La Villa della Farnesina, sontuosa dimora di epoca augustea, fu riportata alla luce a Trastevere nel 1879, durante i lavori per la regolamentazione degli argini del Tevere. I resti della villa furono esplorati solo in parte e distrutti, ma l’elevata qualità delle decorazioni impose il recupero di affreschi, mosaici e stucchi, da allora conservati nel Museo Nazionale Romano.
Nell’allestimento museale a Palazzo Massimo le decorazioni asportate sono state ricomposte all’interno di stanze ricostruite nelle dimensioni originarie. Si è cercato di ricreare, per quanto possibile, la sequenza delle percezioni visive che si potevano avere in antico, percorrendo la lunga galleria del criptoportico fino al giardino, dove si affacciavano il triclinio invernale e due cubicoli dalle pareti rosso cinabro, per poi raggiungere, attraverso un altro corridoio, un terzo cubicolo.

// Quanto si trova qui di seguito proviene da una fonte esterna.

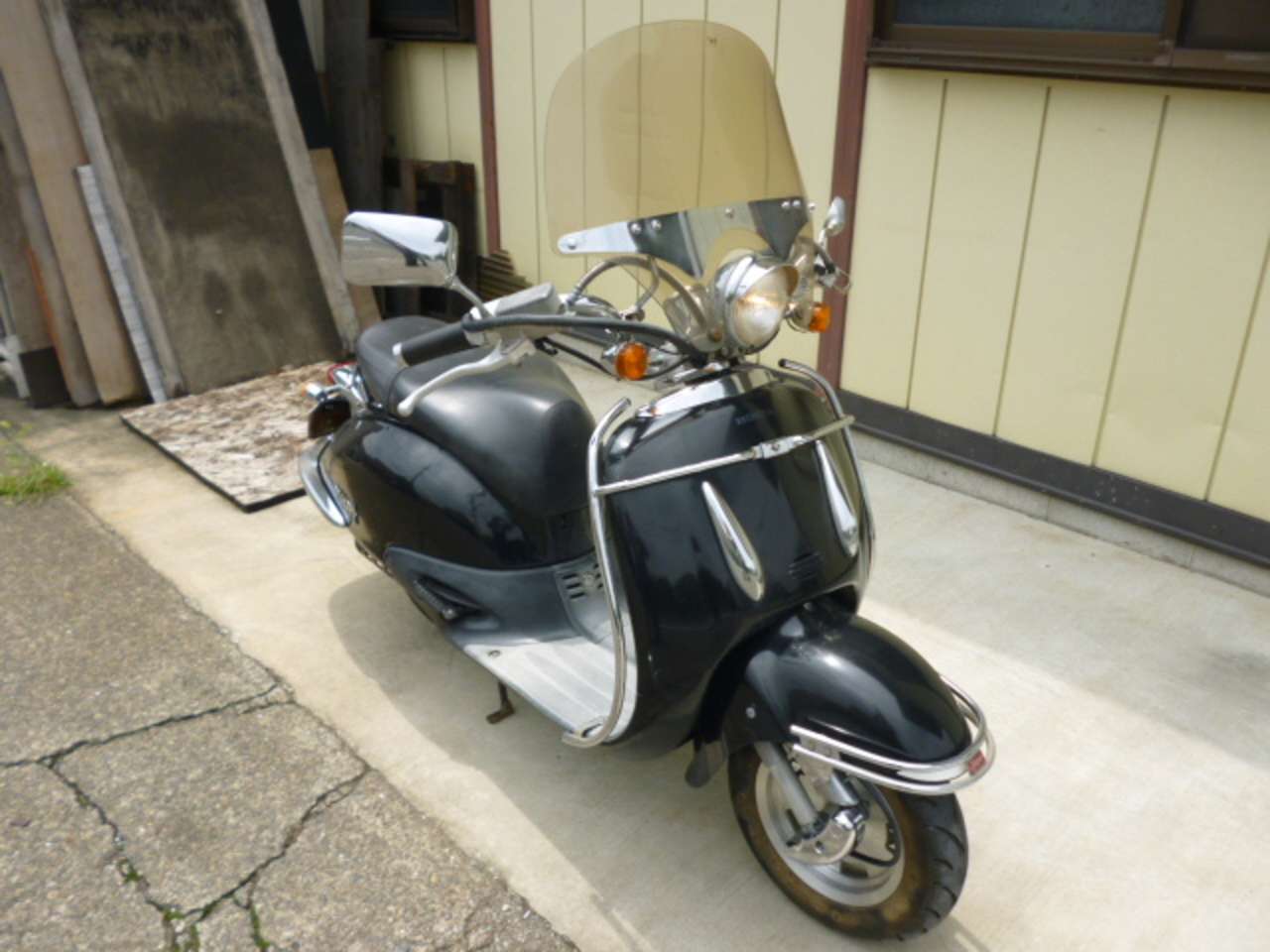 ジョーカー９０カスタム ホンダ B 中古バイク情報はbbb
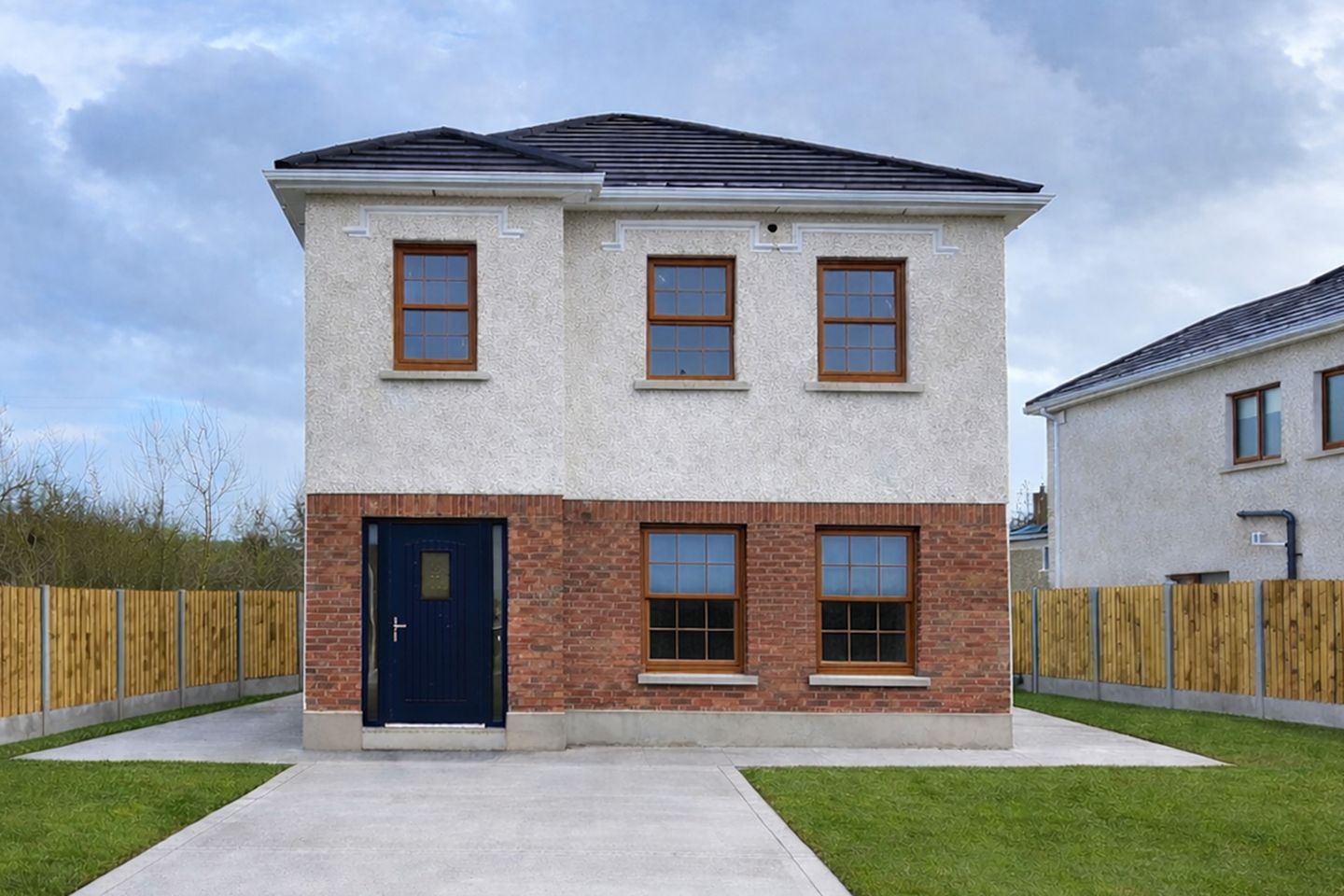 4 Bed detached, The Cross Of Newtown, The Cross Of Newtown, Ballyroan, Co. Laois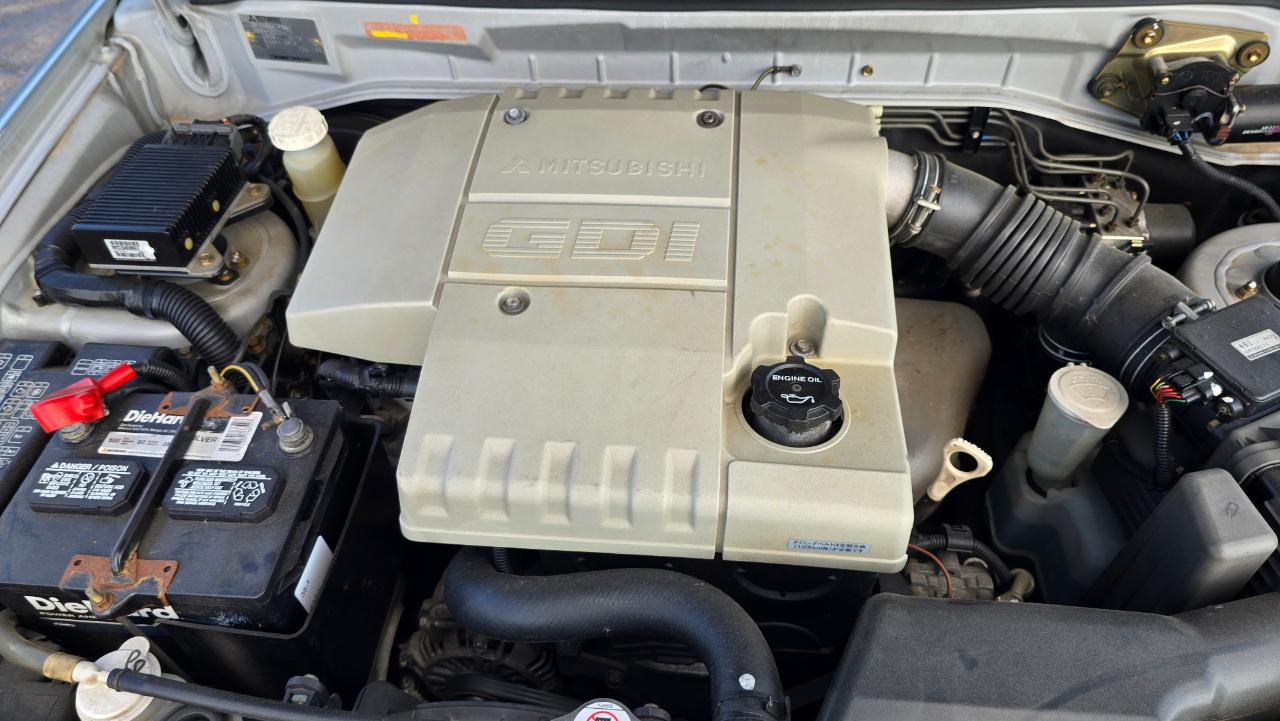 Mitsubishi Pajero  1998
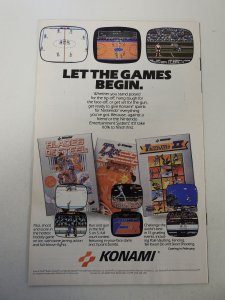 Teenage Mutant Ninja Turtles Adventures #11 (1990) VF- Condition! Signed no cert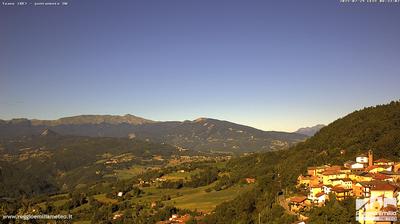 immagine della webcam nei dintorni di Frassinoro: webcam Toano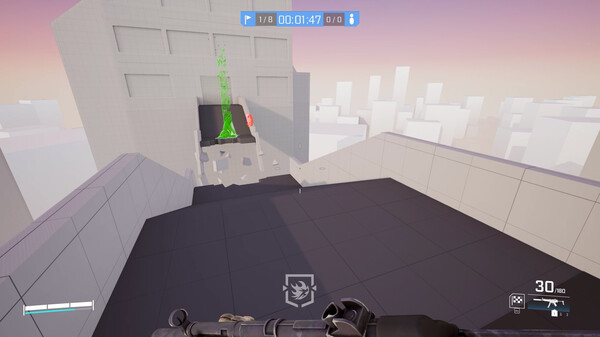KILLRUN screenshot 4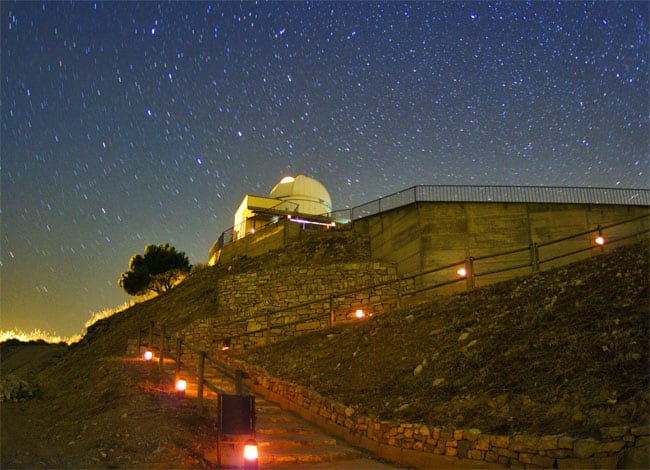 Observatori Castelltallat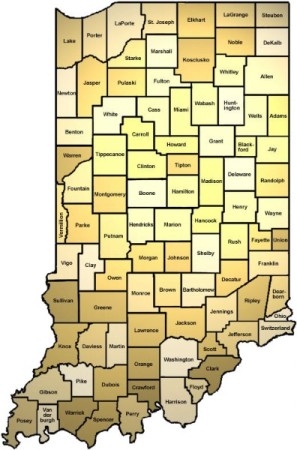 State of Indiana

Gli svariati richiami al mondo egiziano presenti nelle decorazioni della villa possono essere letti come una celebrazione della conquista dell’Egitto. Il proprietario della residenza sarebbe da riconoscersi, secondo accreditate ipotesi, proprio nel generale Marco Vipsanio Agrippa, artefice della vittoria ad Azio. Gli affreschi, esemplari della grande pittura di età imperiale a Roma, sono classificabili nella fase finale del secondo stile.